◆ WORK REQUEST ◆
Each line below from the "Metamaterials for Perfect" line through the "Cover image for" line, those two included, must be restated word for word; the pictures must not be.
(Beginning of ENTRIES SHOWN)
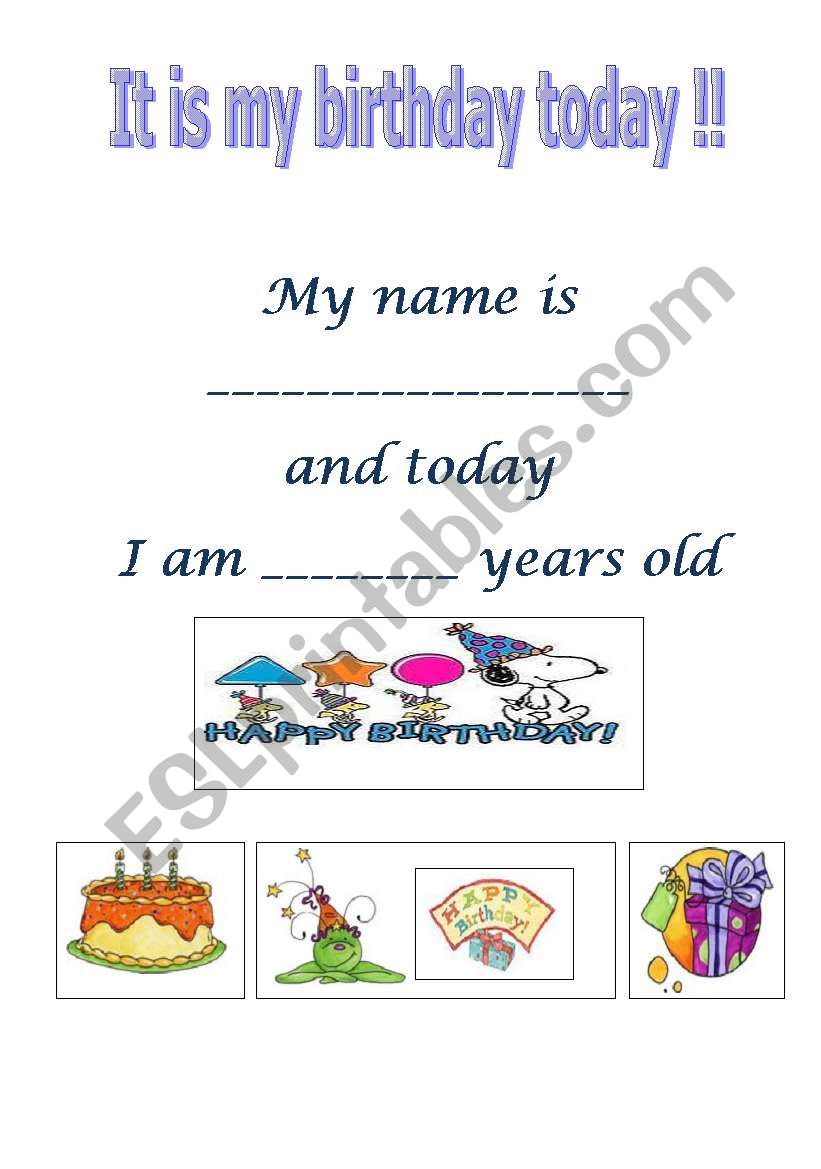 IT IS MY BIRTHDAY TODAY!! worksheet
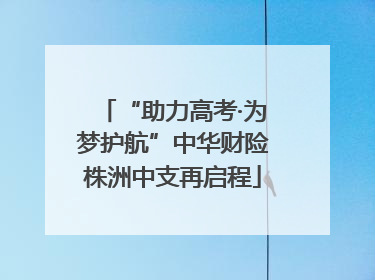 “助力高考·为梦护航”中华财险株洲中支再启程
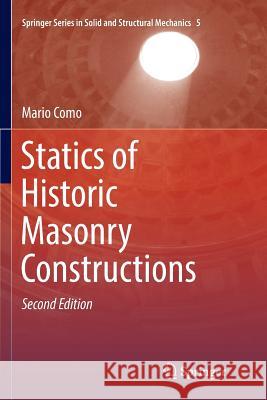 Statics of Historic Masonry Constructions Mario Como 9783319796444 Springer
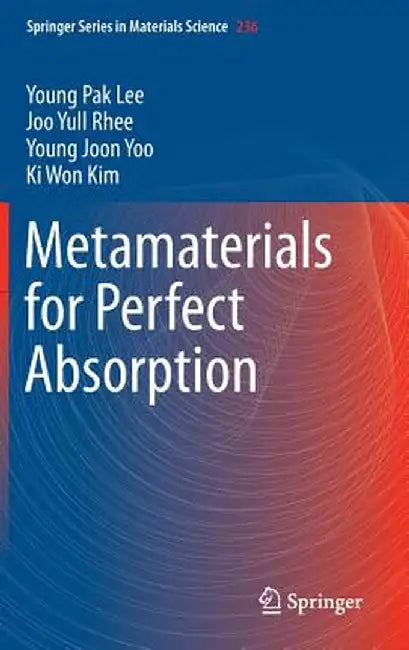 Metamaterials for Perfect Absorption by Young Pak Lee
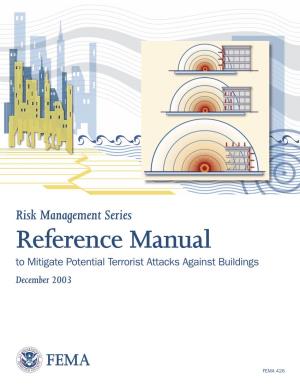 Reference Manual to Mitigate Potential Terrorist Attacks Against Buildings December 2003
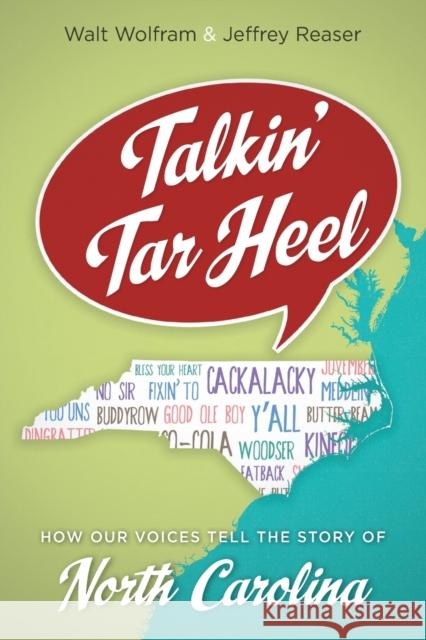 Talkin' Tar Heel: How Our Voices Tell the Story of North Carolina Walt Wolfram Jeffrey Reaser 9781469629995 University of North Carolina Press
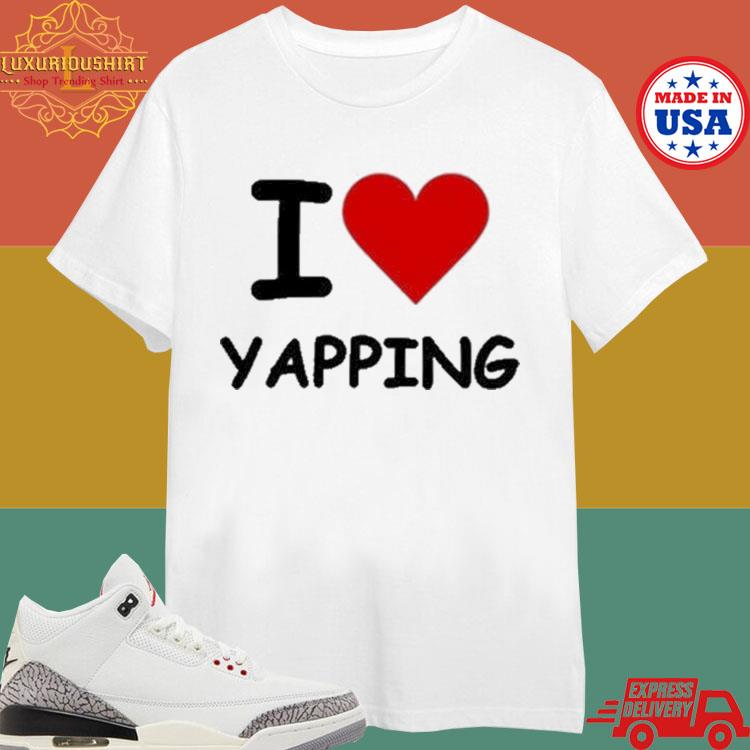 Official I Love Yapping Shirt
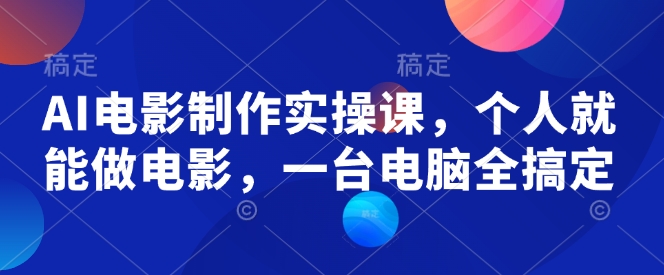 AI电影制作实操课，个人就能做电影，一台电脑全搞定-财兔窝项目网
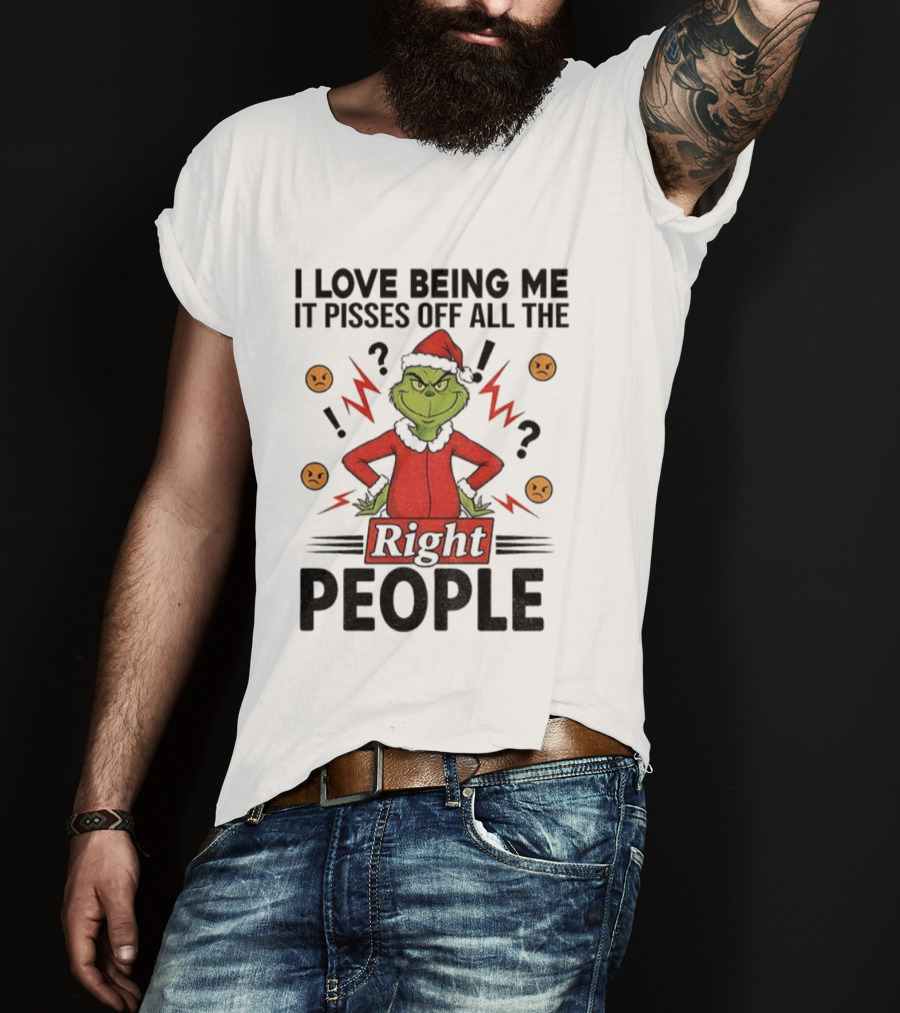 Grinch Love Being Me Pisses Off All The Right People Merry Christmas T-Shirt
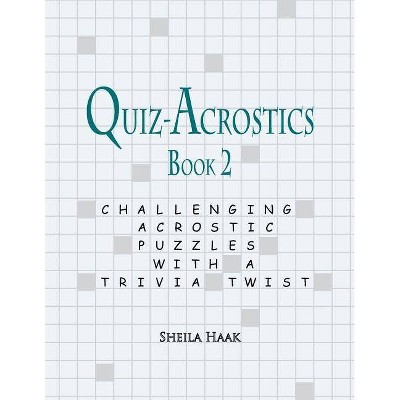 Quiz-Acrostics Book 2 - by  Sheila Haak (Paperback)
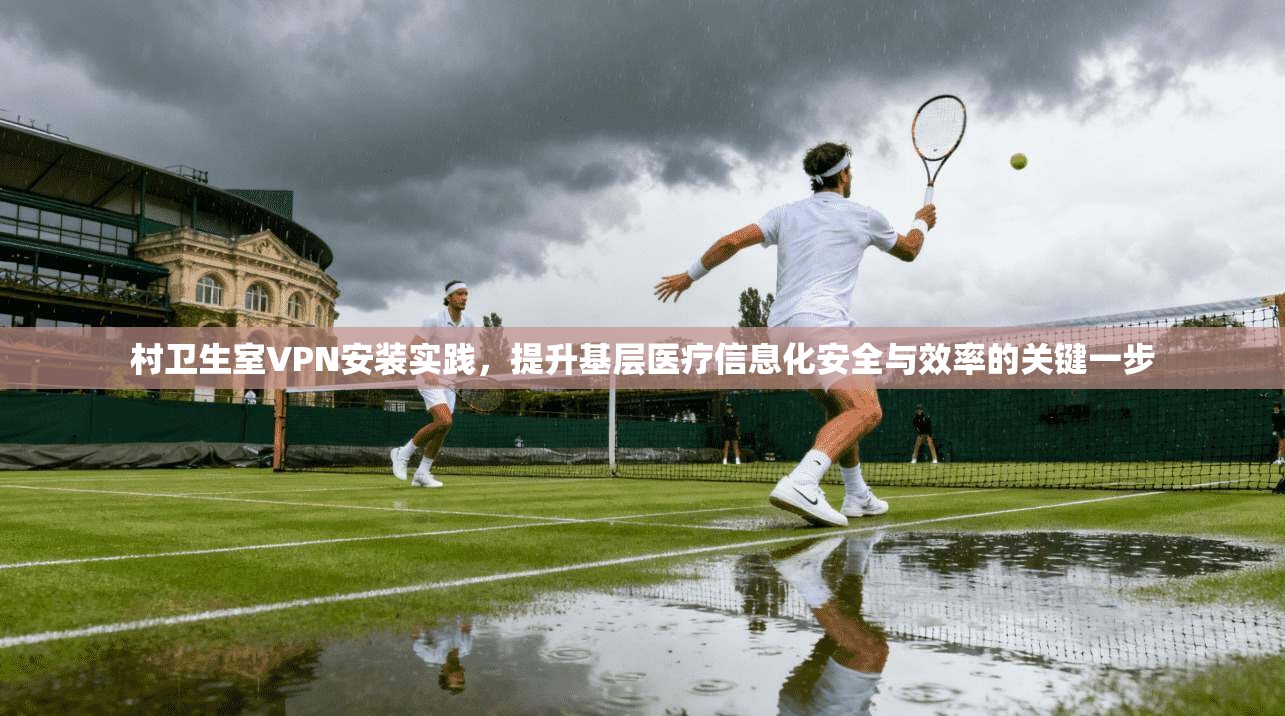 村卫生室VPN安装实践，提升基层医疗信息化安全与效率的关键一步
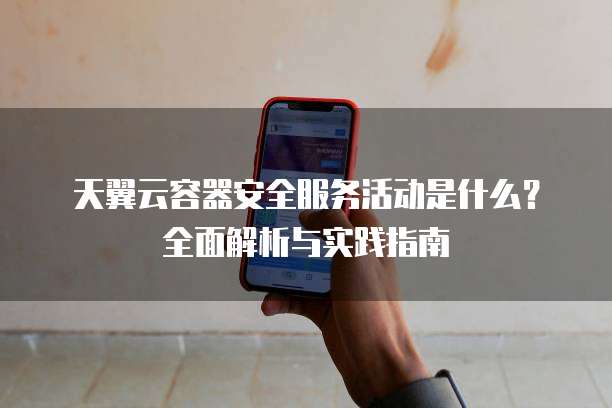 天翼云容器安全服务活动是什么?全面解析与实践指南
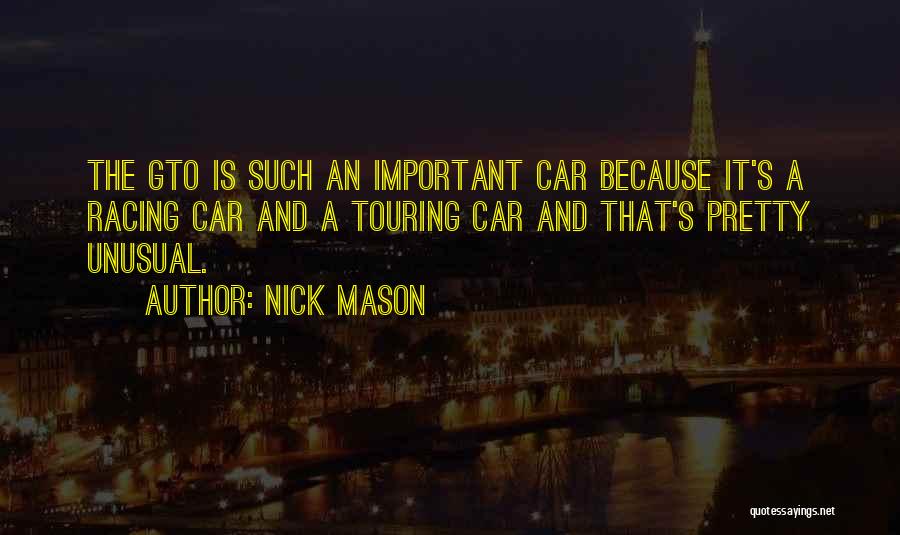 Gto Quotes By Nick Mason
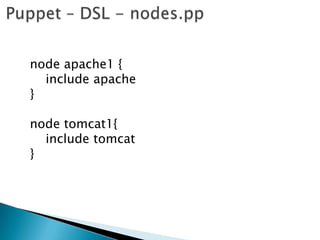 node apache1 {
include apache
}
node tomcat1{
include tomcat
}
 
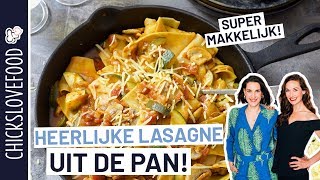 LASAGNE UIT DE KOEKENPAN  CHICKSLOVEFOOD [upl. by Elvis]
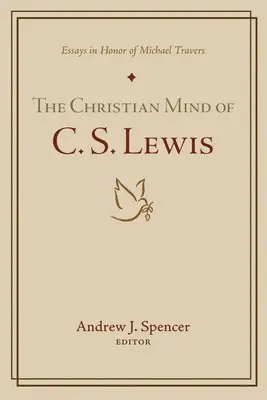 Andrew J Spencer - Christian Mind of C. S. Lewis, Häftad. Tillgänglighet: Lägg i varukorg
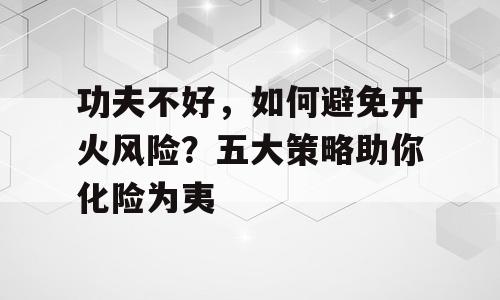 功夫不好，如何避免开火风险？五大策略助你化险为夷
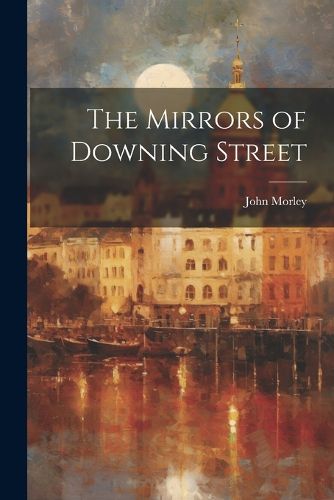 Cover image for The Mirrors of Downing Street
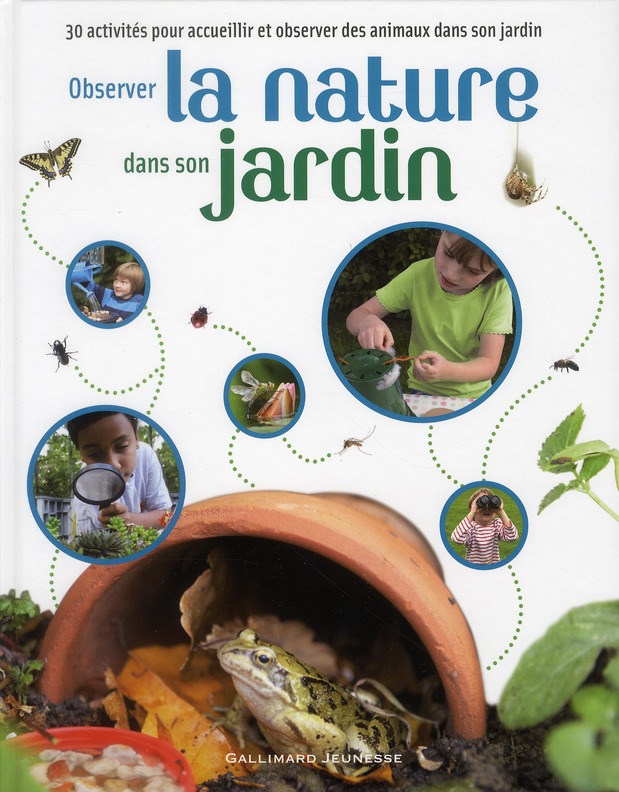 Observer la nature dans son jardin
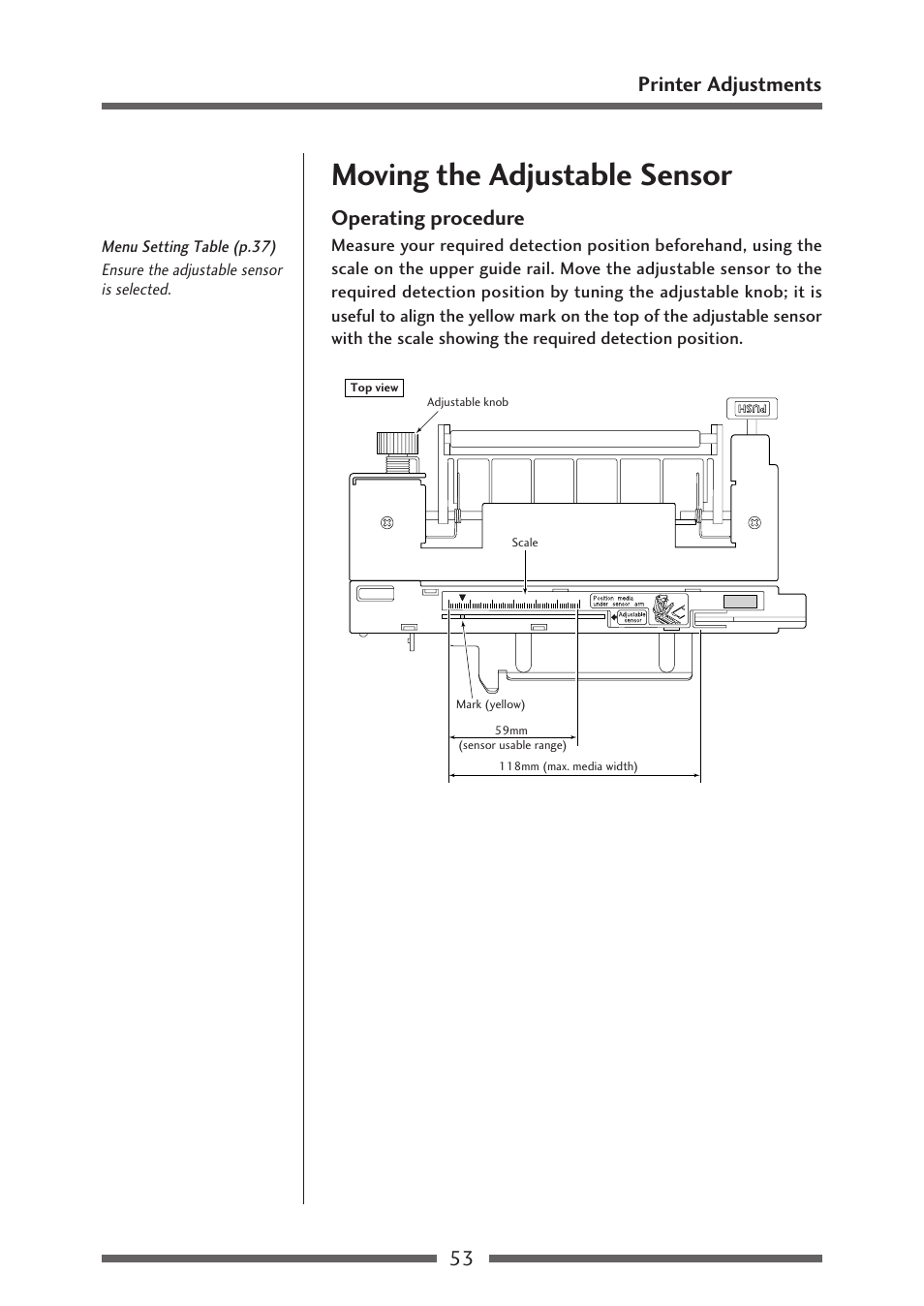 Moving the adjustable sensor, Operating procedure, 53 printer adjustments | Citizen Systems Citizen CL-S700 User Manual | Page 53 / 70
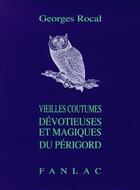 Couverture du livre « Vieilles coutumes devotieuses et magiques du perigord » de Georges Rocal aux éditions Pierre Fanlac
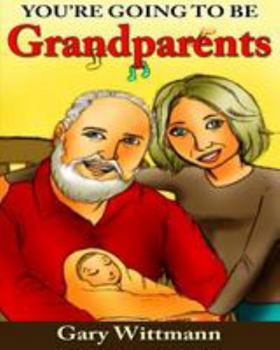 Paperback You're Going To Be Grandparents Book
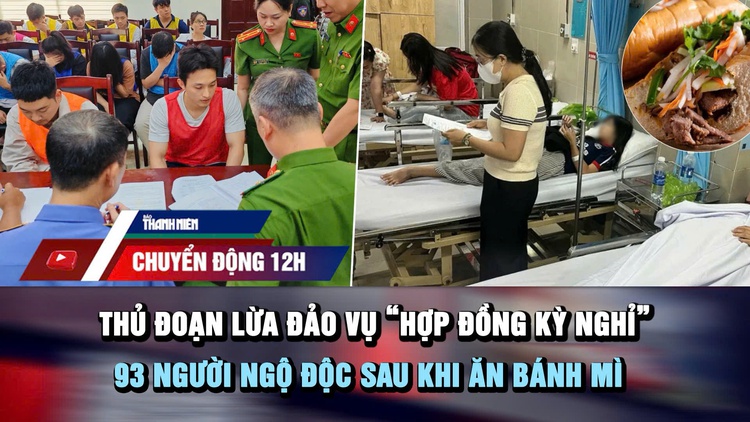 Chuyển động 12h: Thủ đoạn lừa đảo vụ 'hợp đồng kỳ nghỉ' | 93 người ngộ độc sau khi ăn bánh mì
(End of ENTRIES SHOWN)
◆ PROBLEM SOLUTION ◆
 Metamaterials for Perfect Absorption by Young Pak Lee
 Reference Manual to Mitigate Potential Terrorist Attacks Against Buildings December 2003
 Talkin' Tar Heel: How Our Voices Tell the Story of North Carolina Walt Wolfram Jeffrey Reaser 9781469629995 University of North Carolina Press
 Official I Love Yapping Shirt
 AI电影制作实操课，个人就能做电影，一台电脑全搞定-财兔窝项目网
 Grinch Love Being Me Pisses Off All The Right People Merry Christmas T-Shirt
 Quiz-Acrostics Book 2 - by  Sheila Haak (Paperback)
 村卫生室VPN安装实践，提升基层医疗信息化安全与效率的关键一步
 天翼云容器安全服务活动是什么?全面解析与实践指南
 Gto Quotes By Nick Mason
 node apache1 {
include apache
}
node tomcat1{
include tomcat
}
 
 LASAGNE UIT DE KOEKENPAN  CHICKSLOVEFOOD [upl. by Elvis]
 Andrew J Spencer - Christian Mind of C. S. Lewis, Häftad. Tillgänglighet: Lägg i varukorg
 功夫不好，如何避免开火风险？五大策略助你化险为夷
 Cover image for The Mirrors of Downing Street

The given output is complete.